## REQUIRED ACTION
Write out all the records exactly, and keep any images out.
● ● ●
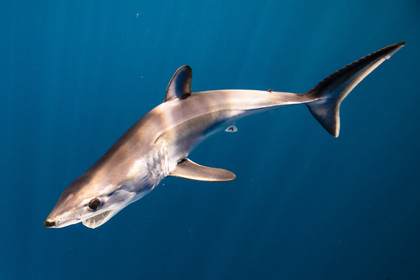 Requin en mer Mediterranée  entre Marseille et Cassis .Faune sous marine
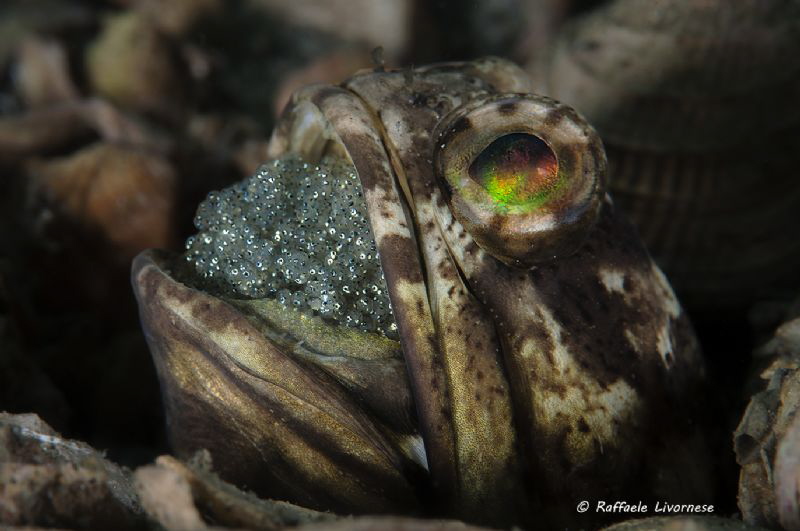 Jawfish carrying eggs in the mouth by Raffaele Livornese 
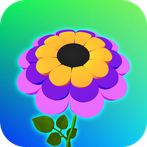 Color Flower : Color Petal 3D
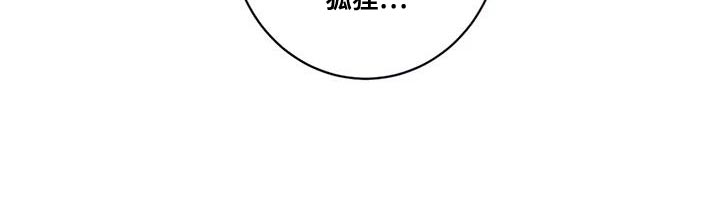 第28章：狐狸17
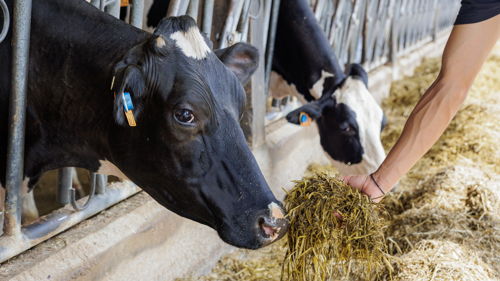 BTS Métiers de l’élevage (ex Productions Animales) formation ESA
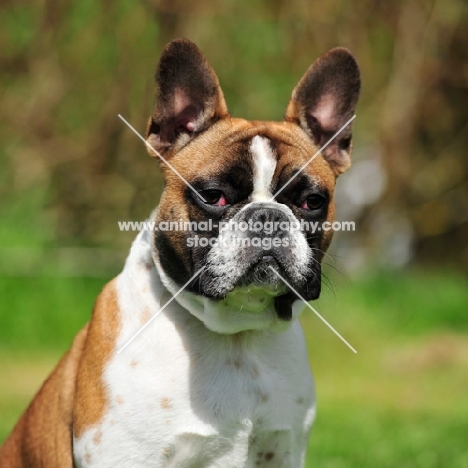 tan and white french bulldog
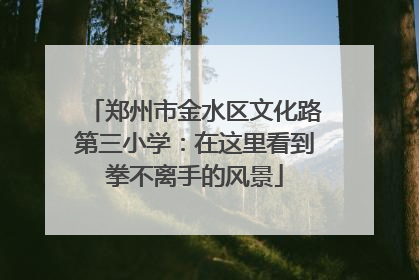 郑州市金水区文化路第三小学：在这里看到拳不离手的风景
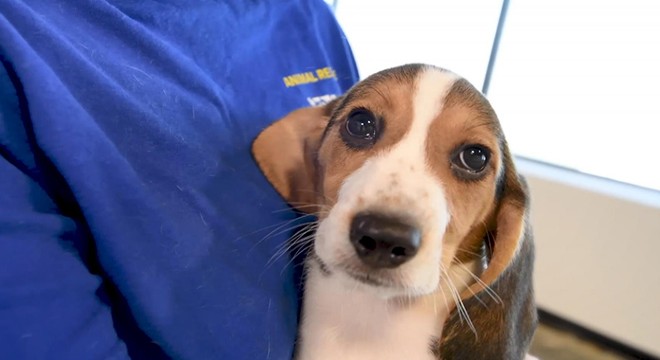 ABD’de 4 bin Beagle kobay olmaktan kurtarıldı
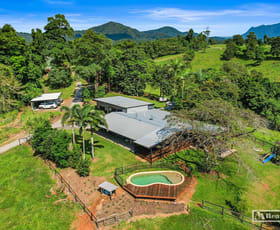Rural / Farming commercial property for sale at 370 Hernon Road Fitzgerald Creek QLD 4860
● ● ●
## SOLVED EXERCISE
 Requin en mer Mediterranée  entre Marseille et Cassis .Faune sous marine
 Jawfish carrying eggs in the mouth by Raffaele Livornese 
 Color Flower : Color Petal 3D
 第28章：狐狸17
 BTS Métiers de l’élevage (ex Productions Animales) formation ESA
 tan and white french bulldog
 郑州市金水区文化路第三小学：在这里看到拳不离手的风景
 ABD’de 4 bin Beagle kobay olmaktan kurtarıldı
Rural / Farming commercial property for sale at 370 Hernon Road Fitzgerald Creek QLD 4860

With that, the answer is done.